Estados Unidos dice querer paz, pero al mismo tiempo exhibe músculo militar y amenaza con reabrir el frente de guerra con Irán. Las negociaciones indirectas están estancadas, y cada bando acusa al otro de dinamitar la mesa mientras el estrecho de Ormuz y el programa nuclear se convierten en rehenes estratégicos.

Washington: paz con "líneas rojas" y bloqueo

Desde la versión más alineada con la Casa Blanca, el mensaje es claro: EE. UU. asegura que tiene los medios para reanudar la guerra, y que “cualquier acuerdo de paz solo será posible si se respetan sus ‘líneas rojas’”. Esas líneas incluyen que “Irán debe aceptar que nunca tendrá armas nucleares” y que sus reservas de uranio altamente enriquecido sean “DESTRUIDAS”.

Esta mirada subraya el reciente ataque estadounidense a un buque que, según el Pentágono, intentaba romper el bloqueo a los puertos iraníes cerca del estrecho de Ormuz.

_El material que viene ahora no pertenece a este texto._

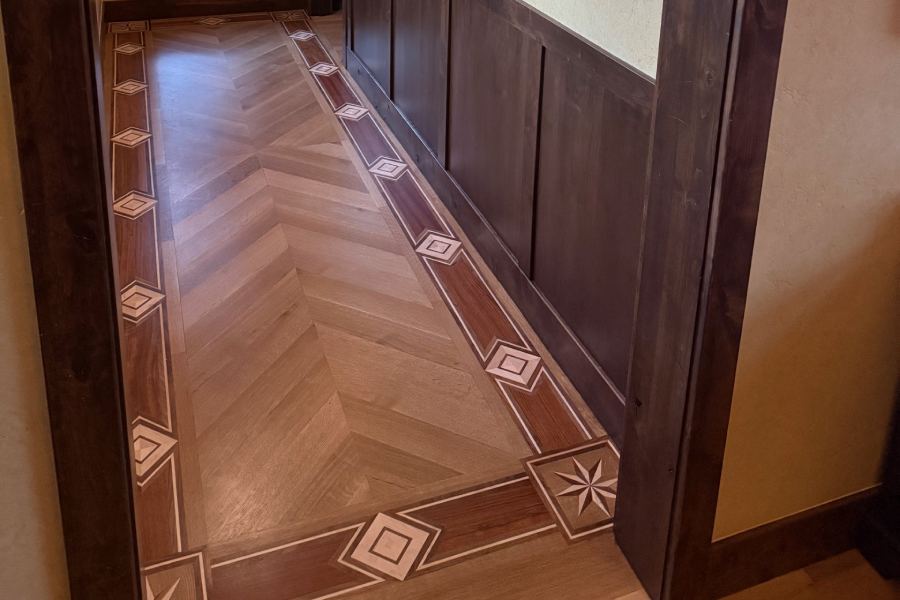 Durango Flooring :: Custom Borders, Medallions & Parquet Inlays Durango Flooring :: Custom Borders, Medallions & Parquet Inlays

En este relato, el bloqueo y el disparo de advertencia son herramientas legítimas de presión para forzar concesiones, mientras se recuerda que Irán mantiene prácticamente bloqueado el estrecho, clave para el comercio de hidrocarburos.

Oposición: una paz que huele a ultimátum

La mirada crítica pinta otro cuadro: más que diplomacia, ve un chantaje militarizado. Se enfatiza que Washington “amenaza con reanudar la guerra contra Irán por desacuerdos en las negociaciones” y presume de que “tiene los medios para reanudar la guerra” si Teherán no cede en el tema nuclear, las sanciones y Ormuz.

Esta versión destaca también que Irán niega querer un arma atómica y exige tratar el expediente nuclear solo después de firmar el protocolo de acuerdo, así como desbloquear miles de millones de dólares en activos congelados por EE. UU., frente a una Casa Blanca que ha tachado de “invención” las versiones de un pacto financiero.

Coincidencias y choque frontal

Ambas narrativas coinciden en el diagnóstico: negociaciones encalladas, riesgo real de que el alto el fuego se hunda y un estrecho de Ormuz convertido en cuello de botella global. Pero divergen en la legitimidad del método: para el ala pro-gobierno, la presión militar es necesaria para frenar la bomba iraní; para la oposición, esas mismas “líneas rojas” son el combustible que puede encender, de nuevo, una guerra abierta.